**Stored data**
- Opening Delimiter -

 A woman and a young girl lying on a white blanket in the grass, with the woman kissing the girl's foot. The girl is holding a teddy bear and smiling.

- Closing Delimiter -
- Opening Delimiter -

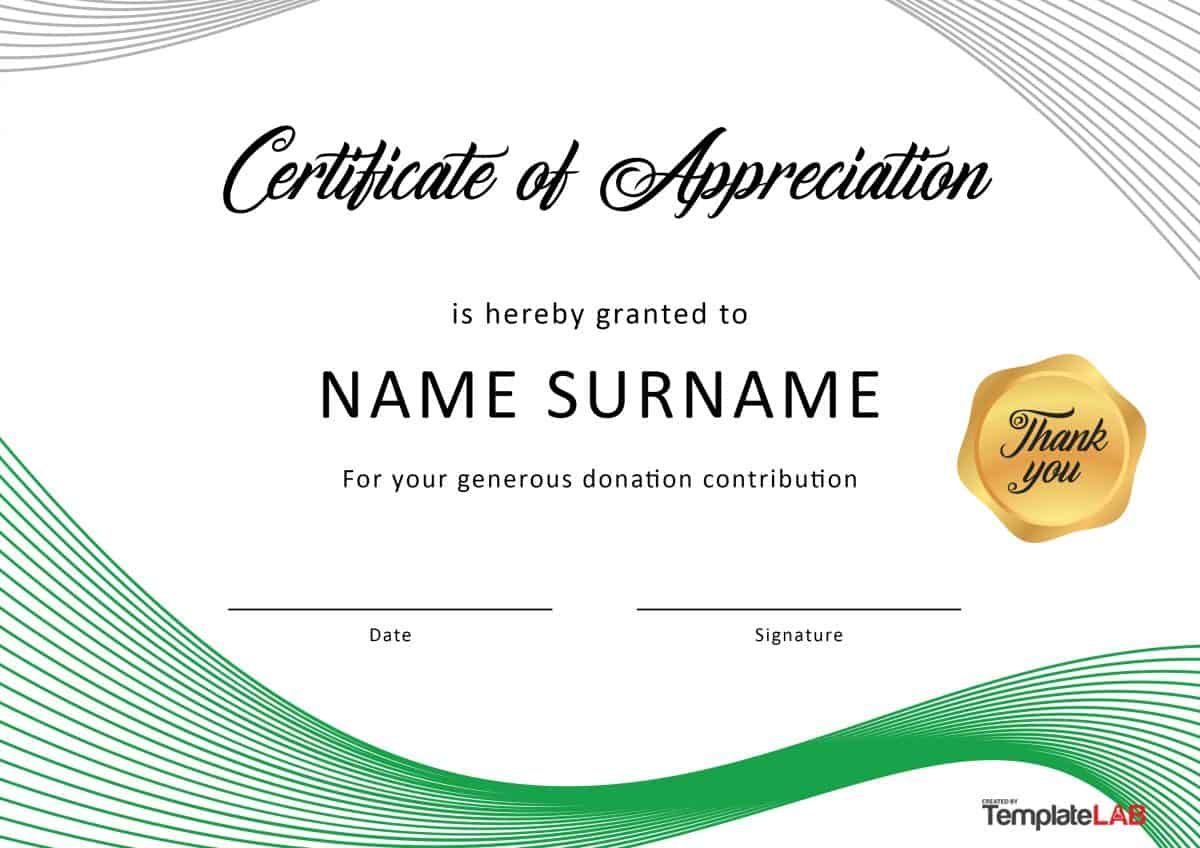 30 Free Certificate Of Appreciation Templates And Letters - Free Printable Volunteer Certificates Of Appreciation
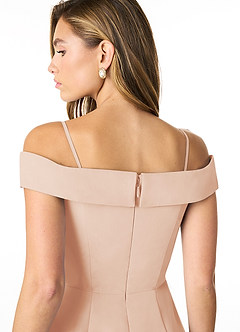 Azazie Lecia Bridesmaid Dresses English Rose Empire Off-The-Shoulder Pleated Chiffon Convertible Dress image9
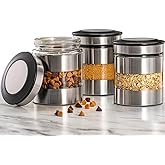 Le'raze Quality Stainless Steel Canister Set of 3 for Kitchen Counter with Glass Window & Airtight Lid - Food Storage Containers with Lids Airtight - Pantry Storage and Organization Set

- Closing Delimiter -
- Opening Delimiter -

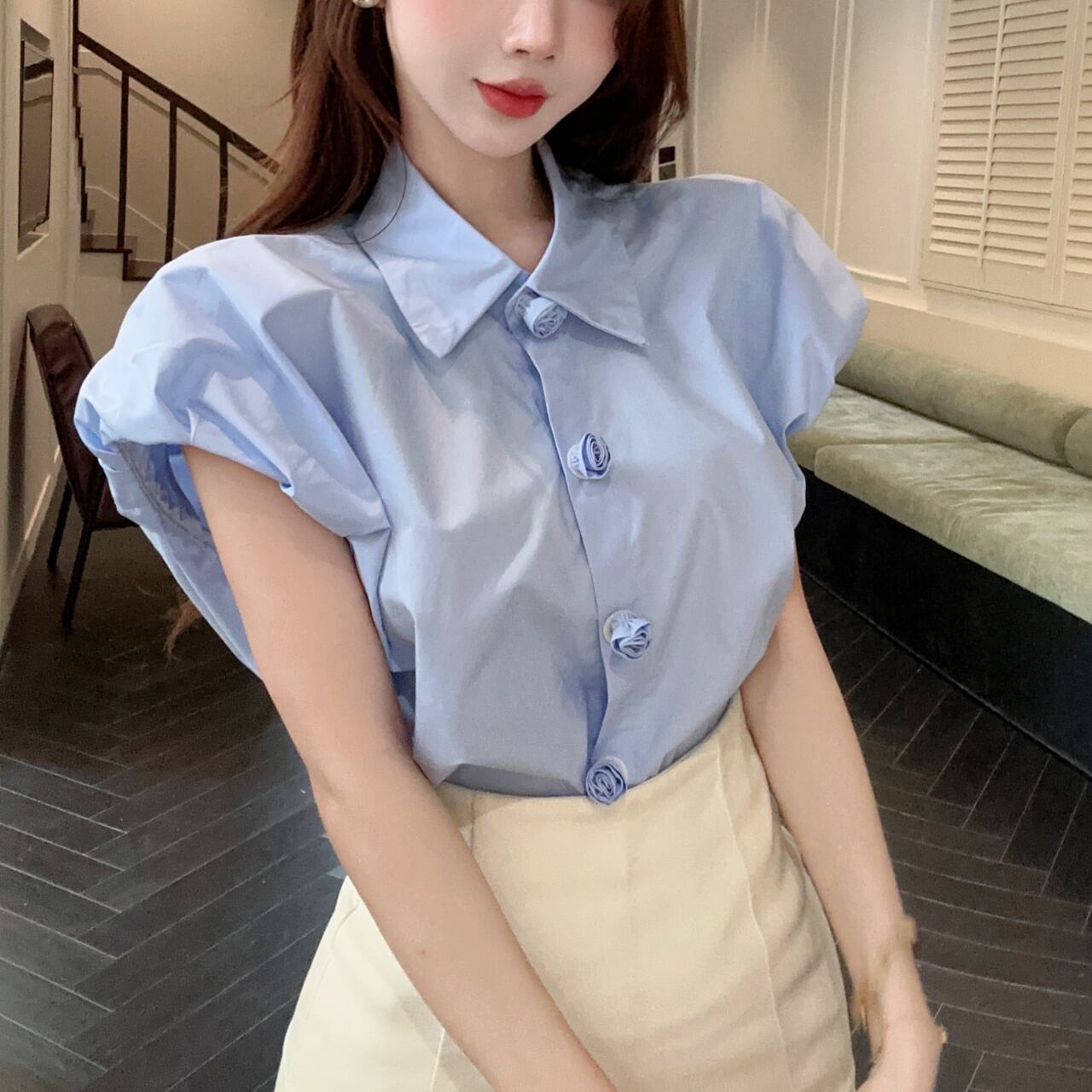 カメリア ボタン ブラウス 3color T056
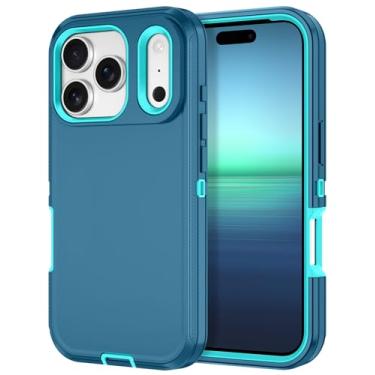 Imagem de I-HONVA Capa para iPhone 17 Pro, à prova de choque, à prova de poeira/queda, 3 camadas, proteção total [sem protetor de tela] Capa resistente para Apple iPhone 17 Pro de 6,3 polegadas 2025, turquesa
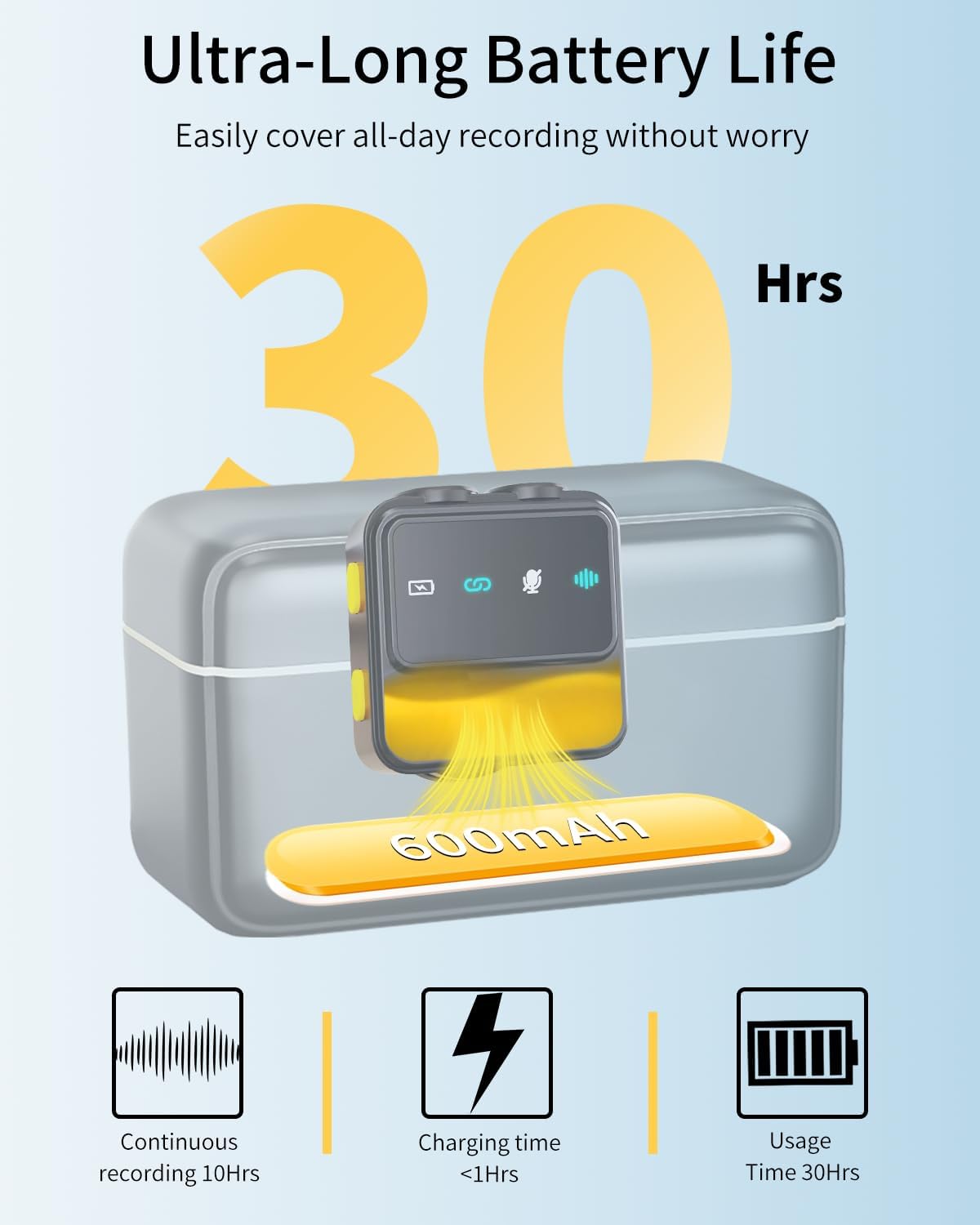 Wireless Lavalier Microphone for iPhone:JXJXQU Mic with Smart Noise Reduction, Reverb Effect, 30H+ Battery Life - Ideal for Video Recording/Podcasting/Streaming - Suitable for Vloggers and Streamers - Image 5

- Closing Delimiter -

**What is required**
In the data above, retype only the stretch from the line with "Azazie Lecia Bridesmaid" through the line with "Le'raze Quality Stainless", word for word, and skip any pictures.

**Response to the task**
 Azazie Lecia Bridesmaid Dresses English Rose Empire Off-The-Shoulder Pleated Chiffon Convertible Dress image9
 Le'raze Quality Stainless Steel Canister Set of 3 for Kitchen Counter with Glass Window & Airtight Lid - Food Storage Containers with Lids Airtight - Pantry Storage and Organization Set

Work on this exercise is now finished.